**WHAT THE TASK ASKS**
Pictures are to be left out, and only the lines from the one containing "Narbo LED Outdoor" through the last line of the data are to be returned exactly.

:::::

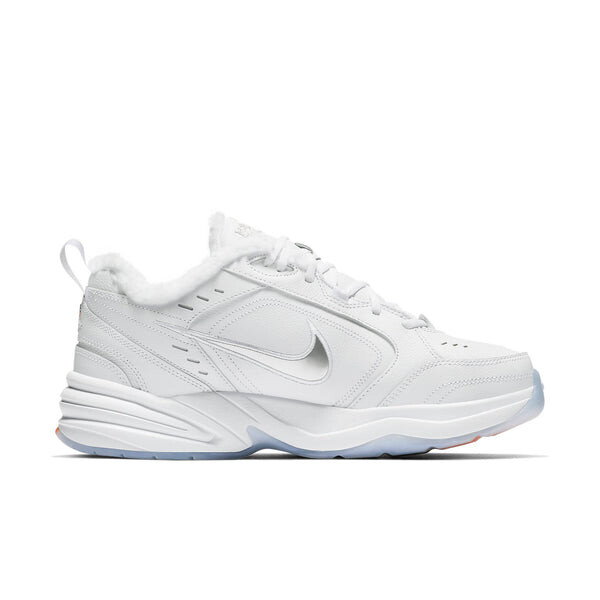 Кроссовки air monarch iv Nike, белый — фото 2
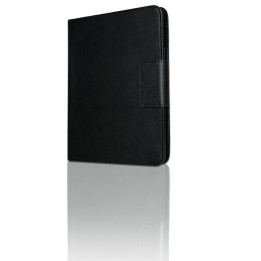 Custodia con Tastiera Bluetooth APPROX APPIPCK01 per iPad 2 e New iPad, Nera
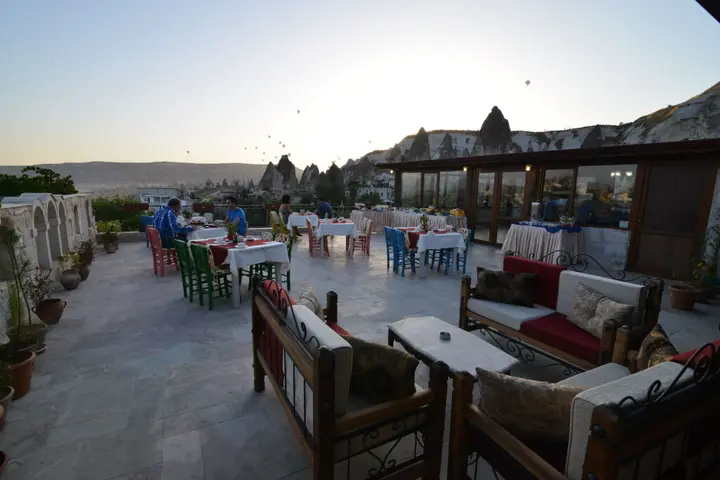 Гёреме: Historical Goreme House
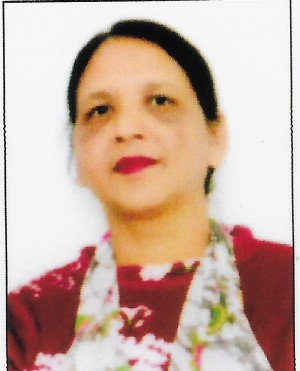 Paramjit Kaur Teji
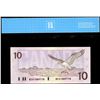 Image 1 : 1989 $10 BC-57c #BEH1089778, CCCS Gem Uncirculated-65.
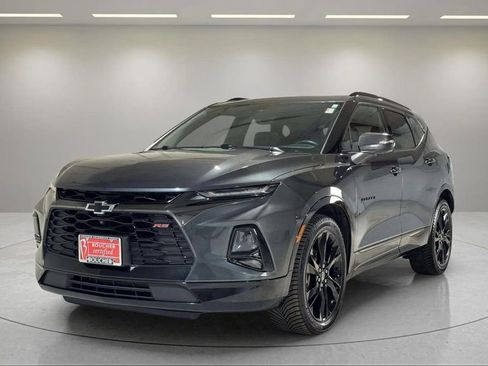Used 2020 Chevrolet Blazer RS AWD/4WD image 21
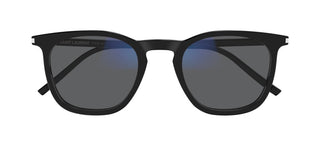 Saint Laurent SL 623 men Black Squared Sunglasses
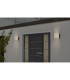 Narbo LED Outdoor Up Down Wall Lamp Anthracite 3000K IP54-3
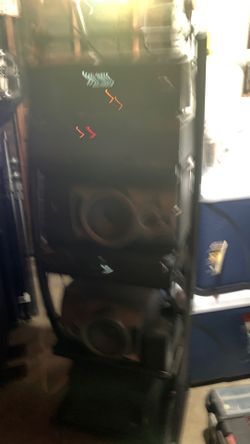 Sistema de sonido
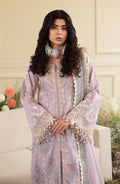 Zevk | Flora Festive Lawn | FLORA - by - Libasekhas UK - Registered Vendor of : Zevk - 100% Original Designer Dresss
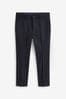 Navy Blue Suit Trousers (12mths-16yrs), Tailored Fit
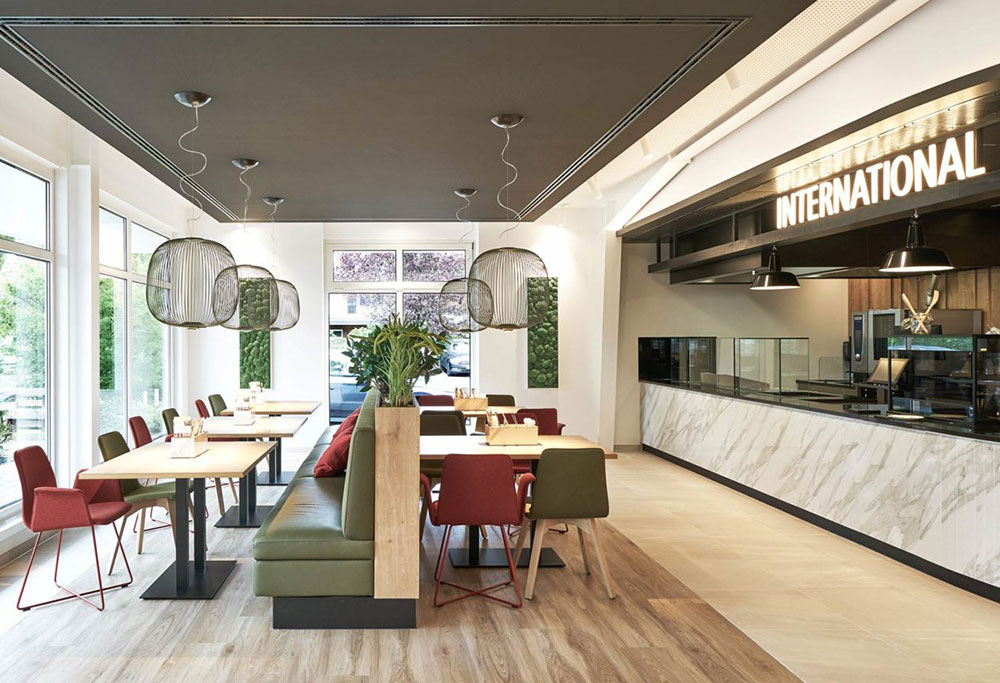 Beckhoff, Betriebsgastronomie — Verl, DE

:::::

**OUTPUT BELOW**
 Narbo LED Outdoor Up Down Wall Lamp Anthracite 3000K IP54-3
 Sistema de sonido
 Zevk | Flora Festive Lawn | FLORA - by - Libasekhas UK - Registered Vendor of : Zevk - 100% Original Designer Dresss
 Navy Blue Suit Trousers (12mths-16yrs), Tailored Fit
 Beckhoff, Betriebsgastronomie — Verl, DE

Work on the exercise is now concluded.